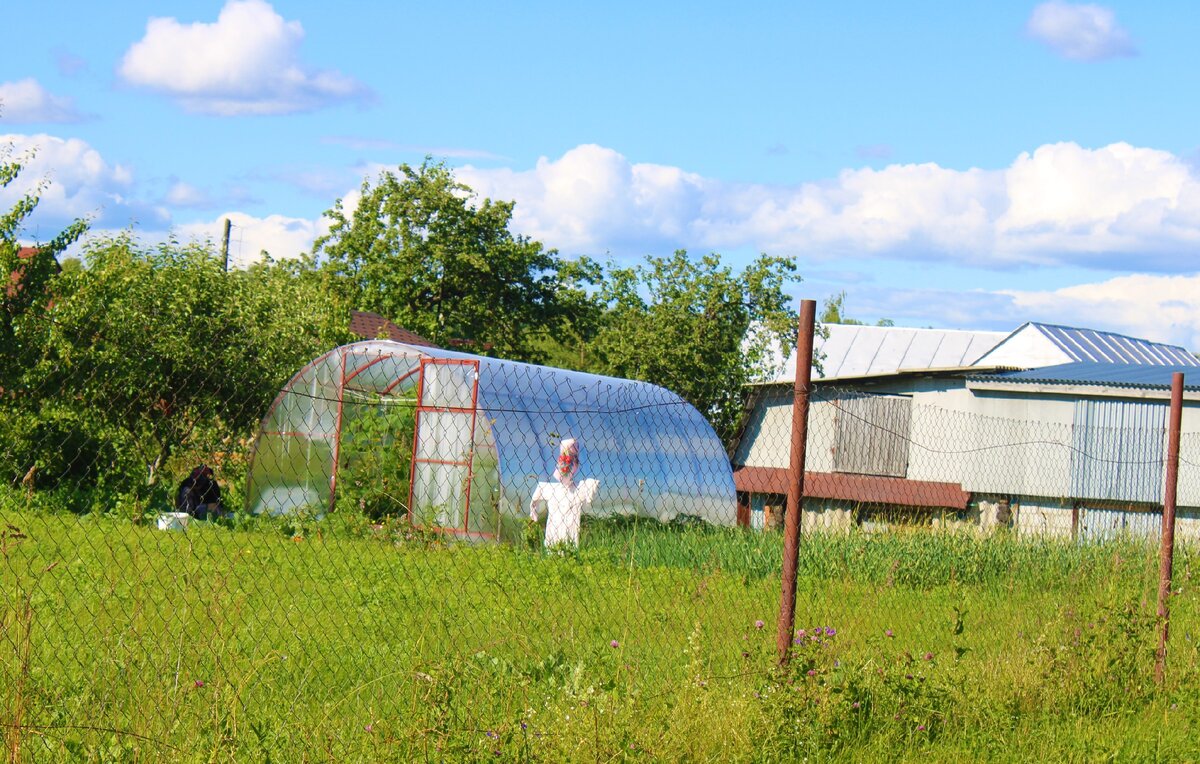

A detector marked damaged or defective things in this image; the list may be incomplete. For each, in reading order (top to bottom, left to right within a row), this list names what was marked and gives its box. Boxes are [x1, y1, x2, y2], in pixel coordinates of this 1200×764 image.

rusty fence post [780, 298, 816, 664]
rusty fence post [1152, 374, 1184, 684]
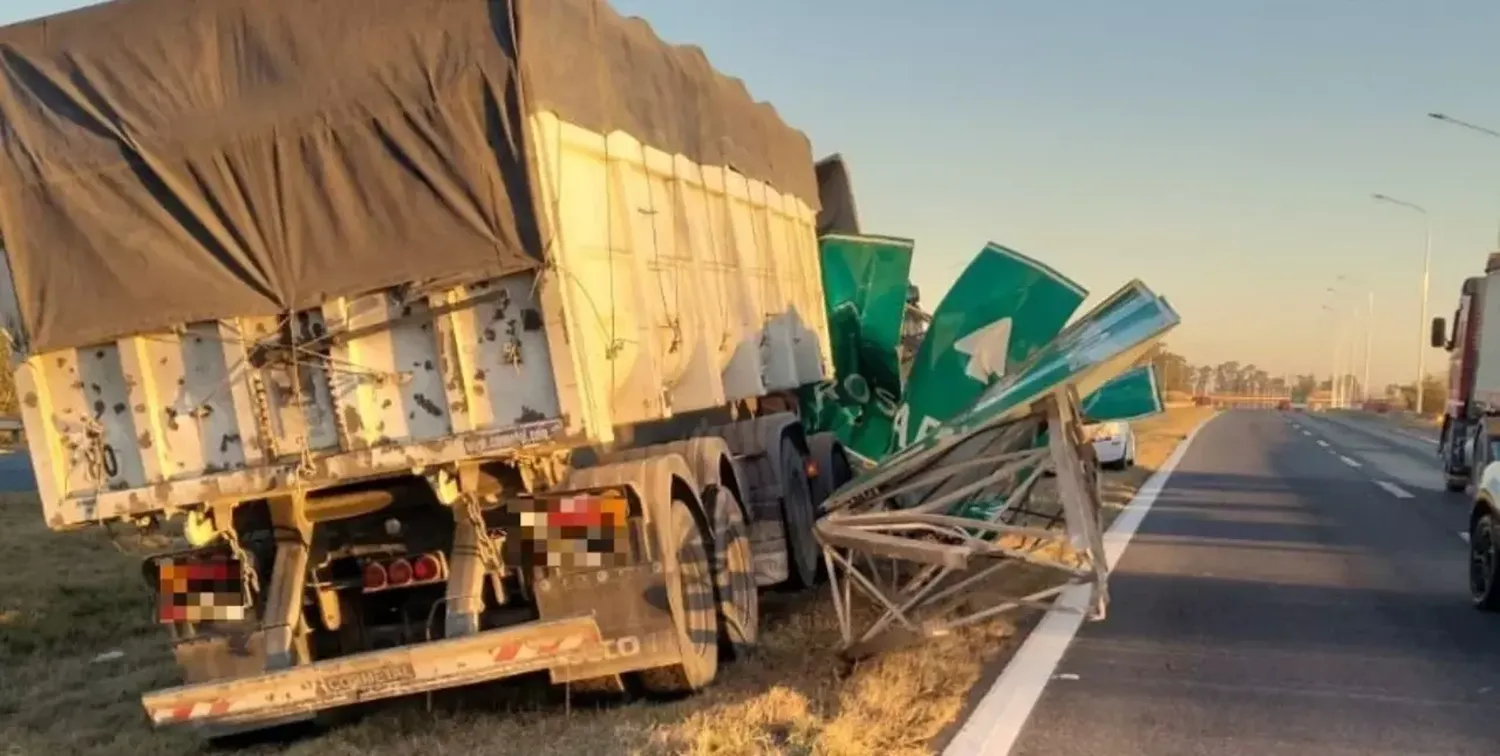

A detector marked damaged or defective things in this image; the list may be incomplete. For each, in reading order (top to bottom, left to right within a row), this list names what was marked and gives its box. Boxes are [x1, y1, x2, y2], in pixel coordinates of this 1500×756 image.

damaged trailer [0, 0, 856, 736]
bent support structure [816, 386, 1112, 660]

### What to do
Copy all records exactly; omit images.

### Result of the exercise
A detector marked damaged or defective things in this image; the list may be incomplete. For each, in reading order (top to bottom, left to right within a row), this list names what was marked and gives its box. Boxes are [x1, y1, x2, y2], in pixel coordinates of this 1200×764 image.

rusty fence post [780, 298, 816, 664]
rusty fence post [1152, 374, 1184, 684]

A detector marked damaged or defective things in this image; the list may be incomplete. For each, in reading order (top to bottom, left to right within a row), this list names what was marked and gives its box. Boxes are [x1, y1, x2, y2], in pixel coordinates of this 1500×756 image.

damaged trailer [0, 0, 856, 736]
bent support structure [816, 386, 1112, 660]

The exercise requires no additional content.